<<<<
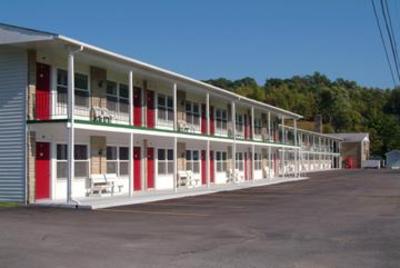 фото отеля The Hermitage Hotel Bartow (West Virginia)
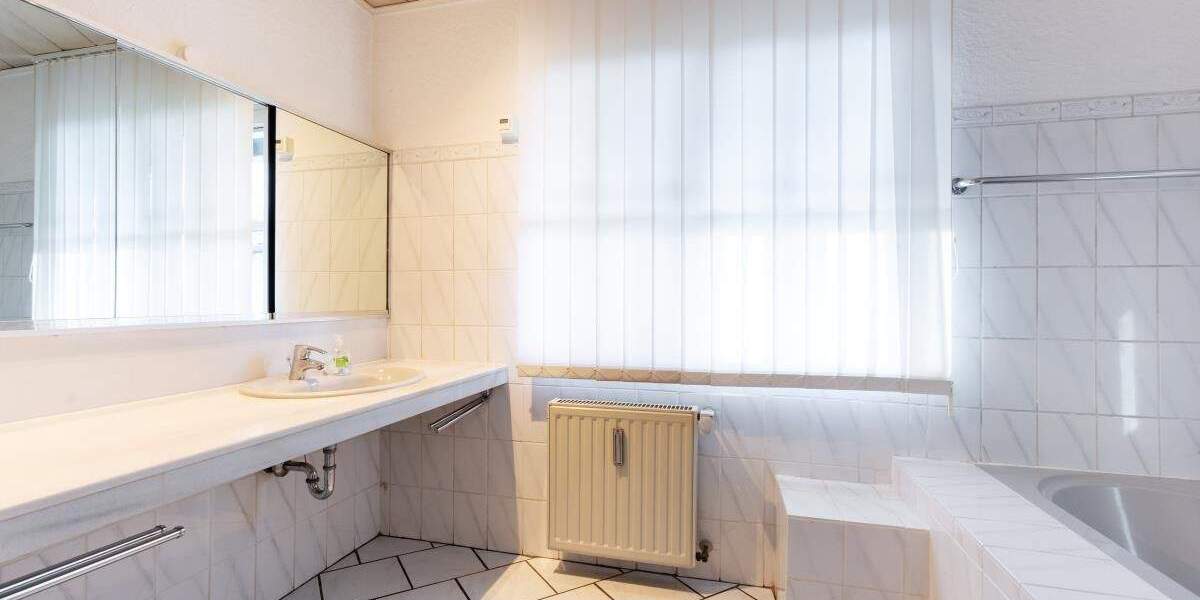 Mehrfamilienhaus, Wohnhaus Ratingen-Hösel Hösel - 1 Zimmer, 364 m&sup2;, 1.200.000&euro; | Angebot:24484319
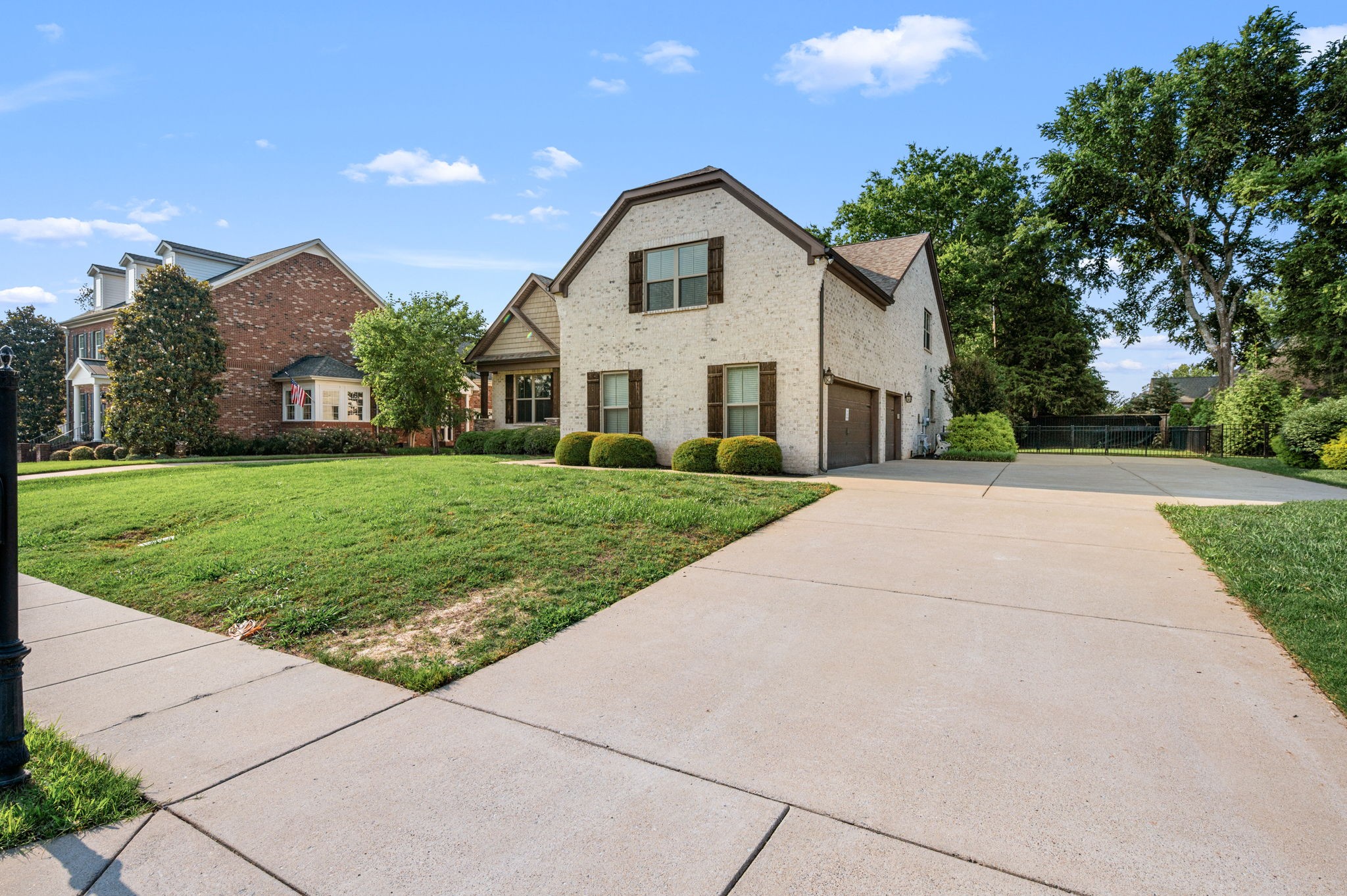 2743 Crowne Pointe Dr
>>>>
**Problem requirements**
Output the listing above exactly, pictures omitted.

**Problem solution**
 фото отеля The Hermitage Hotel Bartow (West Virginia)
 Mehrfamilienhaus, Wohnhaus Ratingen-Hösel Hösel - 1 Zimmer, 364 m&sup2;, 1.200.000&euro; | Angebot:24484319
 2743 Crowne Pointe Dr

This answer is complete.